*** Source information ***

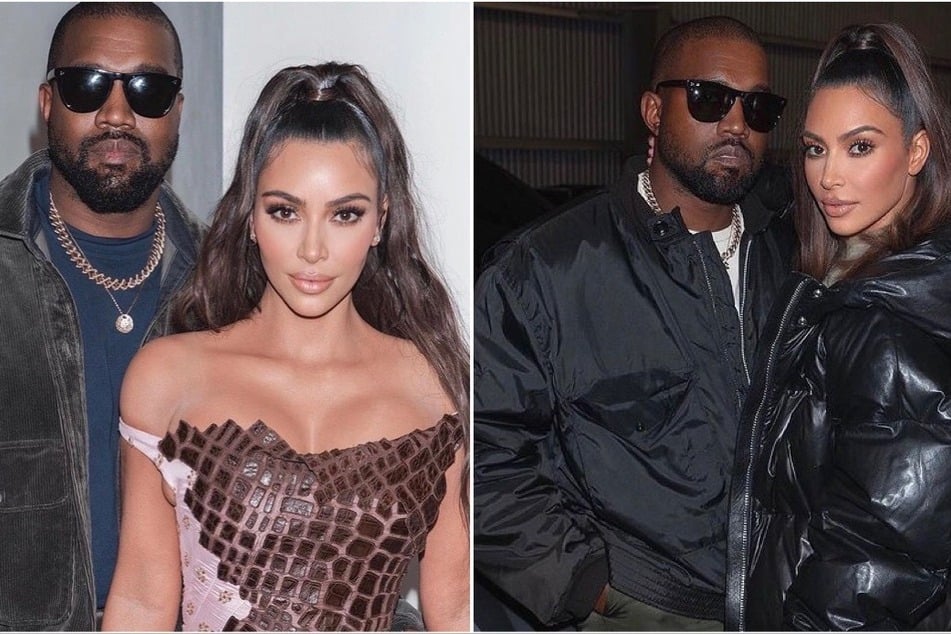 Kim Kardashian attended her estranged husband Kanye West's live-streamed album-release party on Thursday (collage).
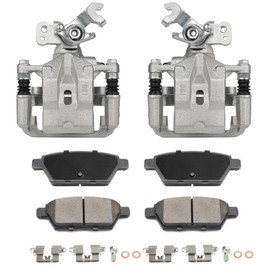 EIOFEVY Rear Brake Calipers and Ceramic for Ford for Fusion 2006-2012,for Lincoln for MKZ 2007-2012 for Zephyr 2006,for Mazda 6 2006-2013 Pads (Silver) 18-B5003 M10X1-6H 18-B5002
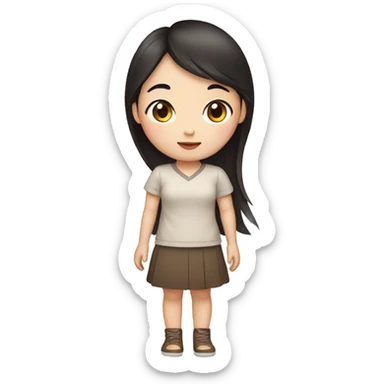 chinese girl with long dark brown hair sticker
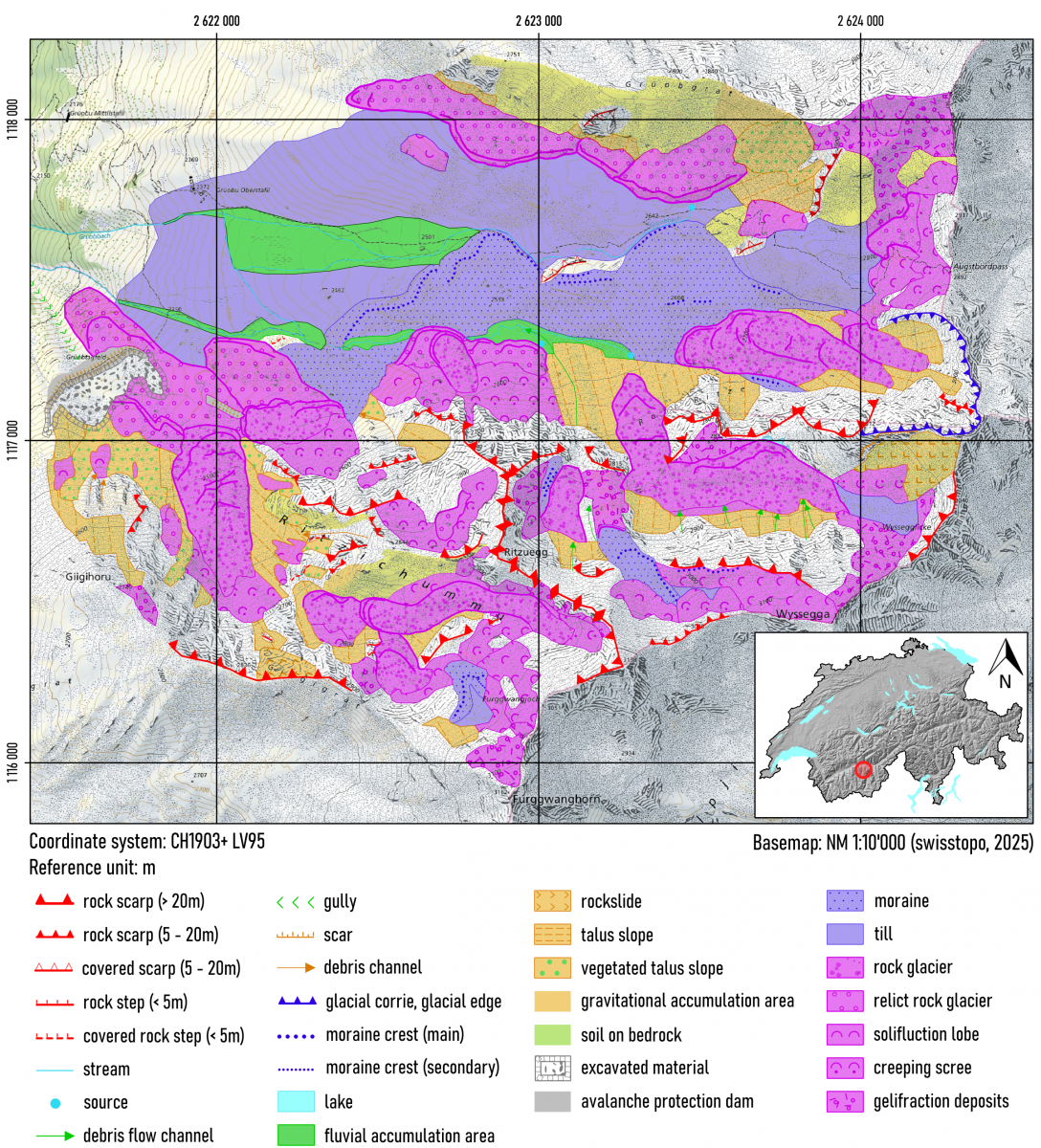 Geomorphological map of the Grobtälli catchment, Valais (Swiss Alps)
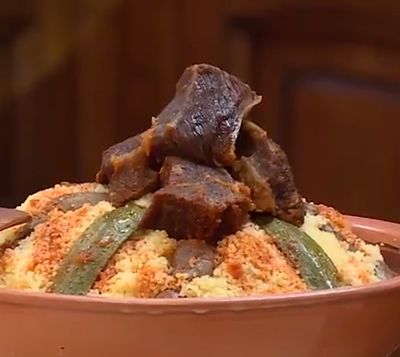 Recette de Couscous à la viande séchée - كسكس بالخليع, Algérie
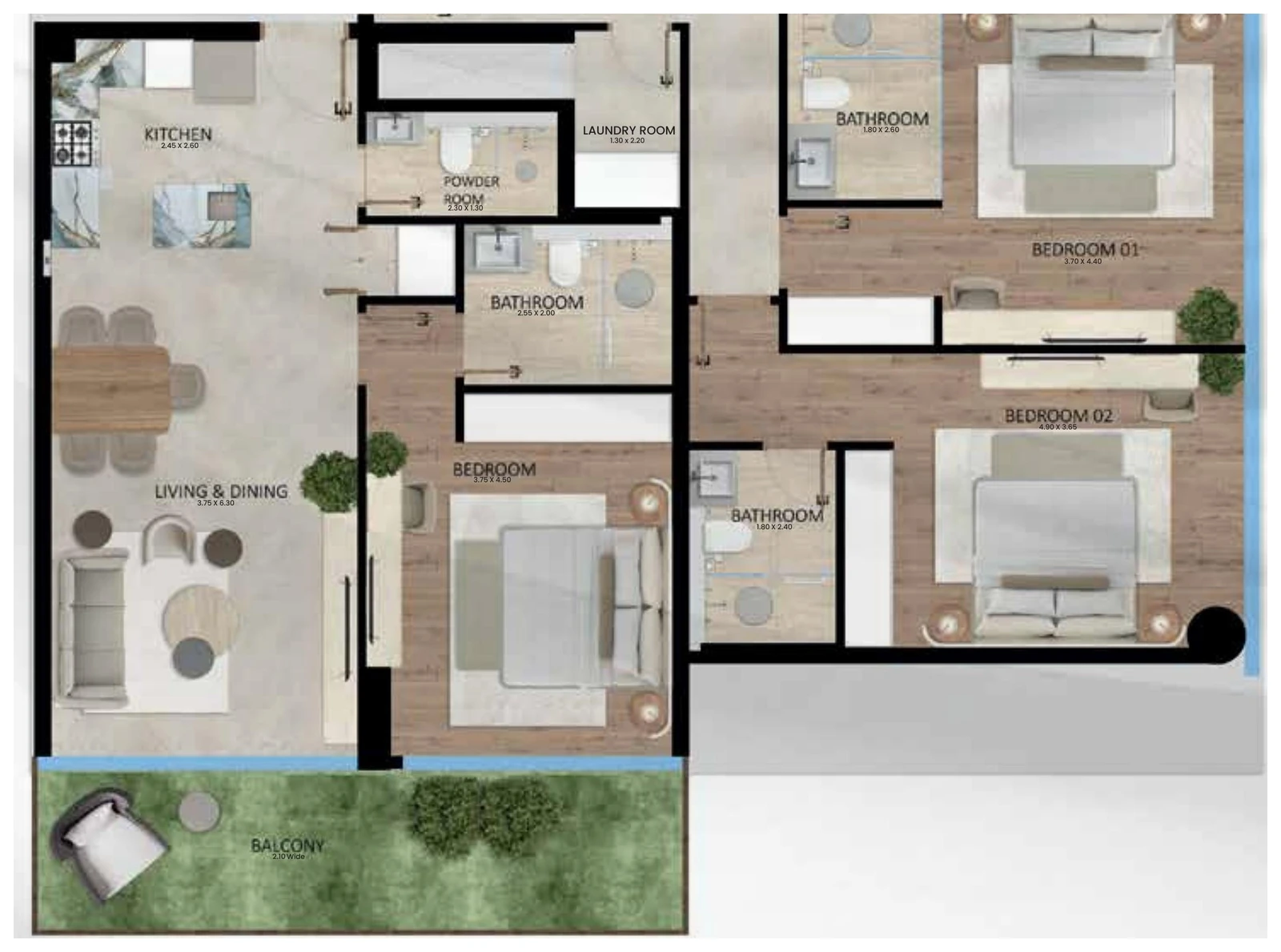 Floor plan for 2 Bedroom - Unit 105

*** End of Source information ***

Beginning with the line that contains "chinese girl with", reproduce every line through the end of the records above exactly, leaving pictures out.

Exercise result
 chinese girl with long dark brown hair sticker
 Geomorphological map of the Grobtälli catchment, Valais (Swiss Alps)
 Recette de Couscous à la viande séchée - كسكس بالخليع, Algérie
 Floor plan for 2 Bedroom - Unit 105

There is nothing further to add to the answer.